Palma et al. (2021) studied the biodegradation of paracetamol by Gram-positive bacteria. Alobaidi et al. (2021) explained the biodegradation of emerging pharmaceuticals by membrane bioreactor from domestic wastewater. Hasan et al. (2021) described the biodegradation potential of salicylic acid, acetaminophen, and ibuprofen through bacteria isolated from a full-scale drinking water biofilter. Grignet et al. (2022) reviewed the environmental implications of medicines as emerging contaminants, which need to be given attention. They suggested the medicines as the emerging contaminant that need a special attention in the current scenario. Water of medicines might have a prolonged effect on the ecosystem, and metabolites from medicines disrupt microbial dynamics in the ecosystem.

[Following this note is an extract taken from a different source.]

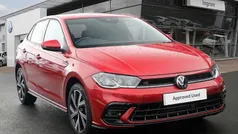Used 2025 VW Polo R-line Hatchback | £18,950 (Fair price)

Therefore, in this direction, bioremediation act as the efficient end eco-friendly technology, which can be used in water treatment to reduce the load of emerging contaminants. Muras et al. (2021) explained the importance of Bacillus licheniformis in various sectors like producing bioactive compounds, food, aquaculture, biomedicine, pharmaceutical industry, bioremediation, biomineralization, etc. By considering the isolated strain further applications, this study can be further deployed in bioremediation programs or industrial biotechnology. More recently, Rios-Miguel et al. (2022) described the application of uncharacterized amidases enzyme in paracetamol degradation, and they isolated two Pseudomonas sp. isolates from wastewater treatment plants. They tolerated 200 mg/L of paracetamol in 10 h, releasing 4-aminophenol as a degradation intermediate. Pseudomonas strain PrS10 recovered from pharmaceutical effluents, which has highest paracetamol degradation potential of 96.37% in 7 days (Poddar et al. 2022). Hence, such study, further, helps to boost our knowledge of microorganisms’ role in the biodegradation of pharmaceutical compounds and the diversity of amidase enzymes that may have a role in paracetamol degradation in wastewater treatment plants (WWTPs).

4 Conclusion

Paracetamol is a common drug pain reliever and is used in treating fever in humans. But due to its continuous use, it is causing contaminates in different water bodies by the release into the environmental ecosystem. Therefore, there is a need for decontamination of the biological source contaminated with APAP. Hence bioremediation technology can be employed for the remediation of such compounds from the environment. Bacillus licheniformis strain PPY-2 was reported in the present work, and this strain successfully degraded the APAP in the batch culture study. This study indicated that the isolated strain could grow on an APAP-containing medium, and the strain mediated the transformation of this compound.